Bruce Catton’s magnificent book Grant Takes Command answers both of these aspersions in detail, as well as the chief knock that Grant was a butcher who defeated Robert E. Lee only by his willingness to sacrifice huge numbers of his vastly larger force. The truth seems too unlikely for many to accept: that a roughly cut, poorly educated Westerner—a so-called “failure”—outgeneraled Lee, the flower of Southern nobility.
Catton doesn’t argue the point. Rather, he lets Grant’s deeds and words, and the evaluations of his contemporaries, make the case. But as usual he can’t resist the perfect anecdote. He quotes Hamlin Garland’s account of the hometown folks who knew Grant from his days as a farmer and storekeeper and decided to visit the general outside Petersburg, Va. They expected to find Grant amid the pomp and circumstance befitting the commander of the Union armies. Instead, they were amazed to find “Ulyss” unchanged, just as plain and neighborly as ever, as he sat with them and chatted about the old days. They concluded that he wasn’t much of a general after all, and that it was just his darn luck that got him where he was.
Like those visitors from Galena, Ill., some still choose to judge Grant by appearances rather than his record.

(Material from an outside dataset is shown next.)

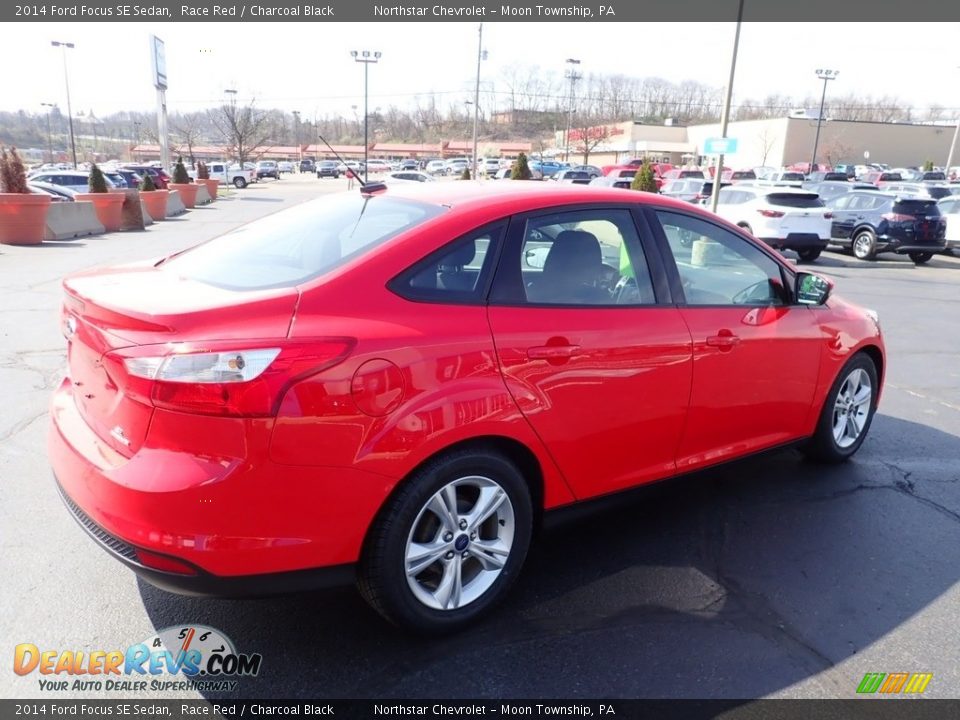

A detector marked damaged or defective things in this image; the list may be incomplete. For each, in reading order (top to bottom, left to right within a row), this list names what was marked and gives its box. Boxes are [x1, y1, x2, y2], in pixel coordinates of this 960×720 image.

Upon reading the article about Ulysses Grant and John Rawlins in the October 2009 issue, I was surprised to learn some of facts to which author Peter Cozzens alluded—surprised because the remarkable book by Hor ace Porter, Campaigning With Grant, specifically mentioned that the general’s drinking was a fabrication of the liberal press. Both Horace Porter and John Rawlins had an intimate relationship with Grant and apparently left behind conflicting reports concerning his use of alcohol. Who is correct, Horace Porter or Mr. Cozzens?
Peter Cozzens replies: Mr. Bordier’s letter implies something I did not say in my article—that Ulysses Grant was a “drunk and a puppet of someone smarter.” On the contrary, I think he was neither. Grant drank occasionally during the Civil War; Rawlins feared he might drink to excess. Grant’s heavy drinking in the prewar Army was an open secret; hence my initial remark about his “dubious sobriety” before the Civil War.

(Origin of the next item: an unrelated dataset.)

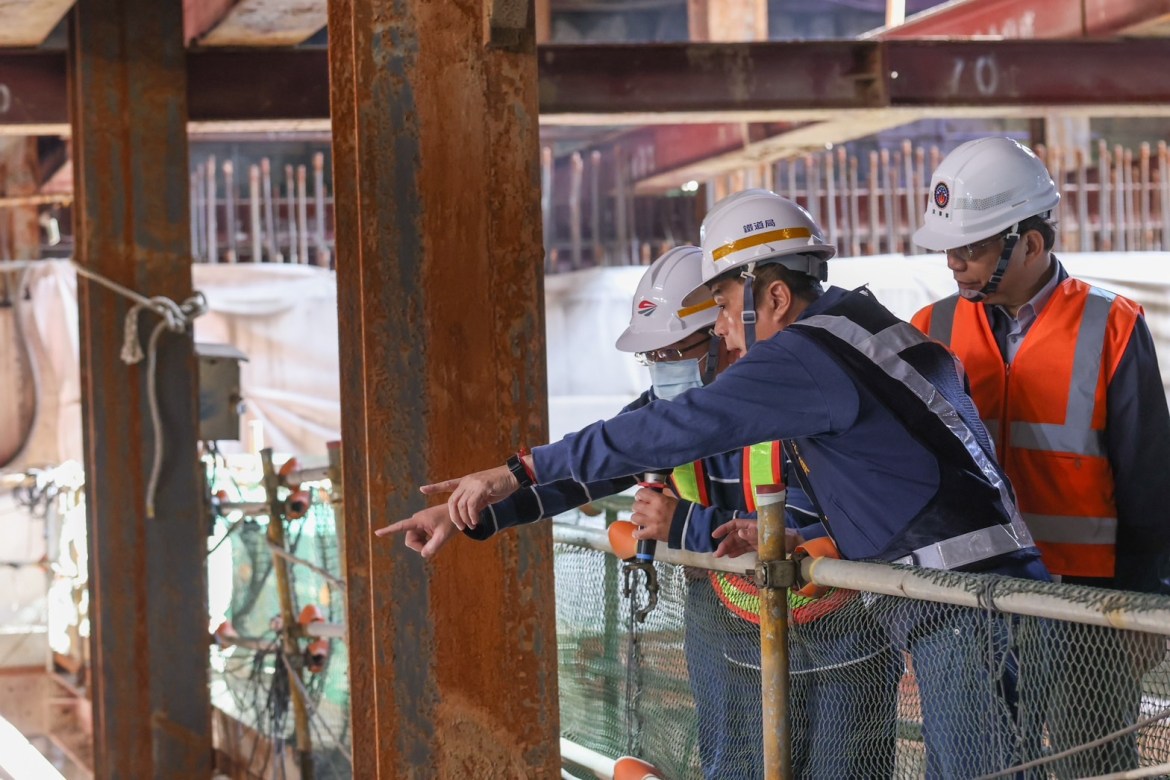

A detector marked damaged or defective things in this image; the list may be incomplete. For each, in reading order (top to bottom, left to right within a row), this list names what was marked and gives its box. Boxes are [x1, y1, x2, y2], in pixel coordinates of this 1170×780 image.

rusty steel beam [69, 0, 210, 772]
rusty steel beam [326, 0, 560, 772]
rusty steel beam [9, 39, 1170, 134]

That Grant often took the advice of Rawlins and other members of his staff does not suggest he was any one’s puppet, but rather that he had the good judgment to choose able staff officers who felt free to offer their counsel. He took it when he found it to be of merit, and chose not to when he believed the correct course to be otherwise.

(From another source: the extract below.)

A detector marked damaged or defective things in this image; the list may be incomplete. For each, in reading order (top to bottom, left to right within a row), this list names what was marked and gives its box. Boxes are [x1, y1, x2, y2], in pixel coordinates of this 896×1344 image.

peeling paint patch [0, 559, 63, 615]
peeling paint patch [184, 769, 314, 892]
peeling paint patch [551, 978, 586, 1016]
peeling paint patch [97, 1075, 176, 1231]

As an admirer of both Grant and Rawlins, I wrote my article with the intent of clarifying their relationship. I believe I did so fairly and accurately. Where I take Grant to task is in his failure to acknowledge Rawlins’ service in his memoir. Bear in mind that Grant thought highly enough of Rawlins to deem him worthy of a corps command after Vicksburg, and after he became president chose him to be his secretary of war. The views of men such as John M. Schofield and Jacob Cox regarding Rawlins’ abilities I presented as their own; readers may draw their own conclusions.
Regarding Mr. Bellinger’s question about “Grant’s misuse of alcohol,” I found no reference to any “fabrication of the liberal press” in Porter’s book. On the contrary, Porter said that “upon a few occasions the general joined his staff in taking a whiskey toddy” (P. 215).
Credit Where It’s Due
Much as I admire Gary Gallagher and the two authors he writes about in October’s “Blue & Gray” column, I must disagree with one credit he gives to Bruce Catton. Lloyd Lewis wrote the first volume (titled Captain Sam Grant) of the three-volume biography of Grant. After Lewis’ death, Catton was chosen to complete the work, which he did in his usual competent and graceful way.
By the way, I think Lewis should have been added to this list, but perhaps this was another one of those “balancing” situations.
Jack B. Wood
Remembering Sergeant Sligh
According to Gettysburg historian John Heiser, the photograph on P. 52 of “So Far From Home” in your October 2009 issue was taken on the Rose Farm near the barn, “used as a temporary aid station by members of Kershaw’s Brigade….” The darker headboard, which is in scribed with “T.W.S.” with “SC,” most likely belonged to Sergeant Thomas W. Sligh/Sligth of Company E, 3rd S.C. Infantry, killed on July 2.